I now move to section 12, which is what follows either immediately, in the case of land where there are no outstanding interests, or after fulfilment of the condition in the case of grants held in escrow – see subsection (1)(b) – and the reference to a recommendation under subsection 10(2), to which I have just taken your Honours. In section 12(3)(a) there is the mandatory requirement – I stress mandatory, not optional, by contrast with some Torrens provisions around the world – for an expression, that means by explicit words, of exclusion from the grant of a road over which the public had at that time a right of way. There is a public non‑proprietary right and it is the subject of an express carefully measured provision for its explicit reference in these grants.
HAYNE J: That is to deal with circumstances of the kind dealt with by Justice Windeyer, I think, in Permanent Trustee Co v Municipality of Campbelltown 34 ALJR, particularly at page 263 and following, where his Honour refers to, I think, what would otherwise be the rule that the ownership of the soil over which the public highway runs vests in the owner.

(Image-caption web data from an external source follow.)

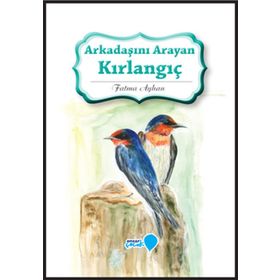 Arkadaşını Arayan Kırlangıç - Fatma Ayhan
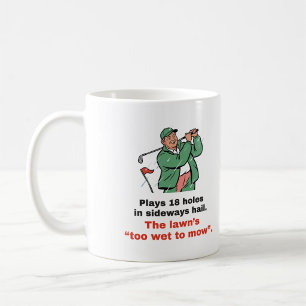 Too Wet to Mow: Funny Golf Mug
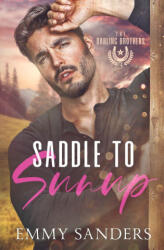 Saddle to Sunup (ISBN: 9781967130146)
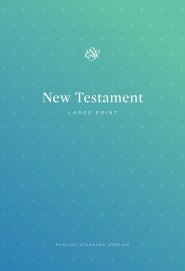 ESV Outreach New Testament, Large Print (Paperback)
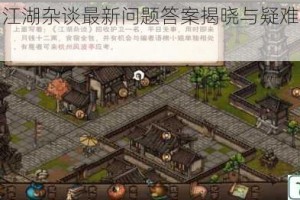 烟雨江湖江湖杂谈最新问题答案揭晓与疑难解析全收录指南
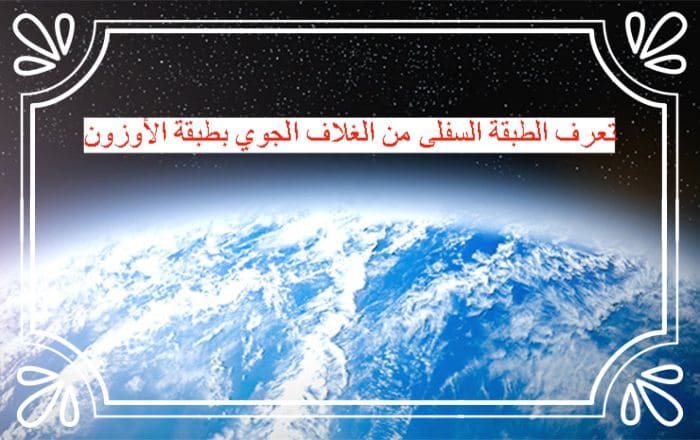 تعرف الطبقة السفلى من الغلاف الجوي بطبقة الأوزون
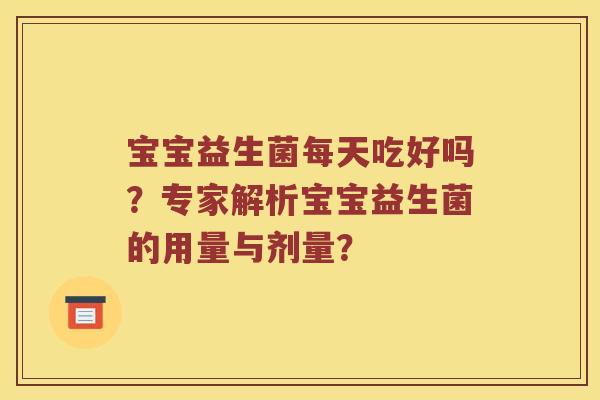宝宝益生菌每天吃好吗?专家解析宝宝益生菌的用量与剂量? 宝宝益生菌每天吃好吗?专家解析宝宝益生菌的用量与剂量?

MR WALKER: Yes, the common law, which had its own ad medium filum, for example, where the road was expressed to be a boundary between two parcels.
HAYNE J: What is the point that you derive from (3)(a)?
MR WALKER: What I derive from that is that there is here specific recognition of a public right of way – this is not just about ownership of soil, it is also about the right of way; see that expression repeated in paragraphs (a) and (b) of subsection (3)(a), as being referred to rather than simply existing as a matter of law, in the grant. In subsection (4) your Honours see that the delivery of the deed of grant takes effect according to one of the two possible cases – that is immediately or after the escrow has been satisfied. Then in subsection (5), as attention has already been noted, there is the obligation to register the deed and otherwise deal with that deed of grant under the law concerning the registration and transfer of land according to its tenor.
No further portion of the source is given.